We analyzed 479 sampled communities from 299 sites around the planet from the Reef Life Survey (RLS) database (Edgar et al, 2020) comprising population data from more than 1,500 non-benthic marine species with individual body size information. Body size was measured as biomass and data were aggregated by year. We included only sampling sites in our analysis, which were surveyed more than once per year. This decision is based on a prior rarefaction analysis that we conducted to assess the impacts of sampling effort from the RLS database due to the noisiness of one sampling event in species richness.
We collected weekly sea surface temperature (SST) from NOAA's (National Oceanic and Atmospheric Administration) remote sensing database.

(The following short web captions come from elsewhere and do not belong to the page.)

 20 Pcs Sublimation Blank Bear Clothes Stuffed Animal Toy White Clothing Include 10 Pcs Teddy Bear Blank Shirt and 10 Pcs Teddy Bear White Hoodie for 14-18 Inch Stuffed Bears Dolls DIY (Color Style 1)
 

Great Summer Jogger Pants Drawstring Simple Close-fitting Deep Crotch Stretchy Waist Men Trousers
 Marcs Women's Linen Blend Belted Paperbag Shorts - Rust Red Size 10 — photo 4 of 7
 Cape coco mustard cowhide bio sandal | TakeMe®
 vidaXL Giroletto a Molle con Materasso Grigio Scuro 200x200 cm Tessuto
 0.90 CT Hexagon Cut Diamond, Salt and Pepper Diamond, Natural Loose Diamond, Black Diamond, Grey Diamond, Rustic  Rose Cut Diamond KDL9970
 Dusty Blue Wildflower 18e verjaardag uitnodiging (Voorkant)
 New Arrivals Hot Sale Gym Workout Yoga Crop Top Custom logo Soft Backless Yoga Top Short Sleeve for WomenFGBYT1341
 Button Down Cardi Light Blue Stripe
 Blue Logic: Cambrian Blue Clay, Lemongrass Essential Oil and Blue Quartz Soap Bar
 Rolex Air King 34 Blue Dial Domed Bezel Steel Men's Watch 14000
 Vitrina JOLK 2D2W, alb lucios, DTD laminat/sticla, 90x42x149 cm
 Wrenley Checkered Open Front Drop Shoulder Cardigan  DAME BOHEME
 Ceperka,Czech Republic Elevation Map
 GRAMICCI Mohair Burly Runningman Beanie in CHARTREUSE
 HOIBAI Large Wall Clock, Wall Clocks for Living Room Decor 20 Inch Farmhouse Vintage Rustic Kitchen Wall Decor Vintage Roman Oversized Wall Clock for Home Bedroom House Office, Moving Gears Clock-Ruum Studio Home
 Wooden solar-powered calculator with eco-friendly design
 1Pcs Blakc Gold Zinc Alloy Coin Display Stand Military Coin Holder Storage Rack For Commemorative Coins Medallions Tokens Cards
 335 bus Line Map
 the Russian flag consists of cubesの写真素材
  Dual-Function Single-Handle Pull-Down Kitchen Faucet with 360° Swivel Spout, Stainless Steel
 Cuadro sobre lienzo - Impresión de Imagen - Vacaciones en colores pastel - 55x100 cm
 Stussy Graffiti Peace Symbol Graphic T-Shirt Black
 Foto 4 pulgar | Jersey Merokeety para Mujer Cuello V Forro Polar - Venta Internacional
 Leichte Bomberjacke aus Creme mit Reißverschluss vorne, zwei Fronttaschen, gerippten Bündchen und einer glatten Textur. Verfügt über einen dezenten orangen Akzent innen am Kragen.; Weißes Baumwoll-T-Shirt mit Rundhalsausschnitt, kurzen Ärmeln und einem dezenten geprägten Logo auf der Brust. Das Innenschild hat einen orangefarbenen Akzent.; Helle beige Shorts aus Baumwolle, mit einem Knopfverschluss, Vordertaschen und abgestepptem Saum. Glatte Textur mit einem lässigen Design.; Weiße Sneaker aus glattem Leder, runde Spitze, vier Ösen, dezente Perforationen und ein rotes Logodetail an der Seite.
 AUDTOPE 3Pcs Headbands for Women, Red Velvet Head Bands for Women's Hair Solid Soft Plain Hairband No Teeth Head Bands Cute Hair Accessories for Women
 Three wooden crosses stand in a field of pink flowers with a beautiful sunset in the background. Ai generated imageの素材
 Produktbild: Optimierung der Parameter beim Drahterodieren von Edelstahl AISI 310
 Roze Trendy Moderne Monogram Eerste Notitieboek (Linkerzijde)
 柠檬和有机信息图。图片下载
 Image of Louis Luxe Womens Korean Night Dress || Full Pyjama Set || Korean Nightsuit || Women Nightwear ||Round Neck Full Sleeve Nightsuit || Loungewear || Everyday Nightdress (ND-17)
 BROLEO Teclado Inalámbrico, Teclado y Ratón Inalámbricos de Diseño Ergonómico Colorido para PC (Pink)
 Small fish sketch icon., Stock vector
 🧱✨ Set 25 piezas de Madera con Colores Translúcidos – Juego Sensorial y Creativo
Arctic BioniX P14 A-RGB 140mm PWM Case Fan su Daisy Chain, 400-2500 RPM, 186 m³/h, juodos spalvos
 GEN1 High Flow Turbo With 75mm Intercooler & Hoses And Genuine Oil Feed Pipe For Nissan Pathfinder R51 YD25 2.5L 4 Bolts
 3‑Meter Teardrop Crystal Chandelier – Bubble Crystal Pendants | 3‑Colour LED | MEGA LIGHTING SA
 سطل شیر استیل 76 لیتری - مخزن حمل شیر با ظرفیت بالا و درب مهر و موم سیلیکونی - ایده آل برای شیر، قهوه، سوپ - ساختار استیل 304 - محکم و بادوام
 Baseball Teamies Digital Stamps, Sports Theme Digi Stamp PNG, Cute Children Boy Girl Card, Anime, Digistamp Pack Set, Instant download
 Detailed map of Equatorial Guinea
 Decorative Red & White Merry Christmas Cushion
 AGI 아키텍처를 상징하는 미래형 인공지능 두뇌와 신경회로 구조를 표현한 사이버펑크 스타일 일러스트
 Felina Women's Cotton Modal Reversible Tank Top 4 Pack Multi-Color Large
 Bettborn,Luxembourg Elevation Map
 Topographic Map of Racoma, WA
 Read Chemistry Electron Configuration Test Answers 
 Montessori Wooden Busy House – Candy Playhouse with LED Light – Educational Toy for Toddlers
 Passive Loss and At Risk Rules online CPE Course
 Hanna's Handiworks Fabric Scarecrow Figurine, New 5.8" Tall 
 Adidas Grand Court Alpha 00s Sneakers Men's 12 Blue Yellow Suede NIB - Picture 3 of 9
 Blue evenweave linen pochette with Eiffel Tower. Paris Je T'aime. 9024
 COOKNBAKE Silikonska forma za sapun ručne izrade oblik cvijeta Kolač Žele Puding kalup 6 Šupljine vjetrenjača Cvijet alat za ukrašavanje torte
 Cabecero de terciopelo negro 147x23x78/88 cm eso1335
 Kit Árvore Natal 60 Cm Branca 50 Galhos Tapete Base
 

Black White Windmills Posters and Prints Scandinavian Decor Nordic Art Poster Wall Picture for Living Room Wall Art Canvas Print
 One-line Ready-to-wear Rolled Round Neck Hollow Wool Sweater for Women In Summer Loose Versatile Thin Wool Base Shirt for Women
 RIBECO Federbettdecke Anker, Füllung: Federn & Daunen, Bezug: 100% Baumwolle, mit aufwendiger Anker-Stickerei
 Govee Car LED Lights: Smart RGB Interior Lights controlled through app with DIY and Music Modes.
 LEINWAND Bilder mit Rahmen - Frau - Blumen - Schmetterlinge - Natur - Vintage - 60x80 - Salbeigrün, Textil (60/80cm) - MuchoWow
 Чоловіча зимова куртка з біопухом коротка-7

In our analysis, we used the sum of thermal stress anomalies (TSA), calculated as the number of events when the average difference between weekly SST and the maximum weekly climatological SST was above 1 degree Celsius between 1982 and 2019. The distribution of warm-water coral reef was obtained from UNEP-WCMC World Fish Centre database. The average trophic level of species was obtained from Fishbase database. Finally, the information on marine protected areas was obtained from UNEP-WCMC and IUCN Protected Planet database. The information on human population density was obtained from Gridded Population of the World. The human population density was quantified as humans/Km2 in a 25-km radius around the sampling site. Lastly, we used the regression coefficient between log biomass and log of average body sizes as a measure of community structure.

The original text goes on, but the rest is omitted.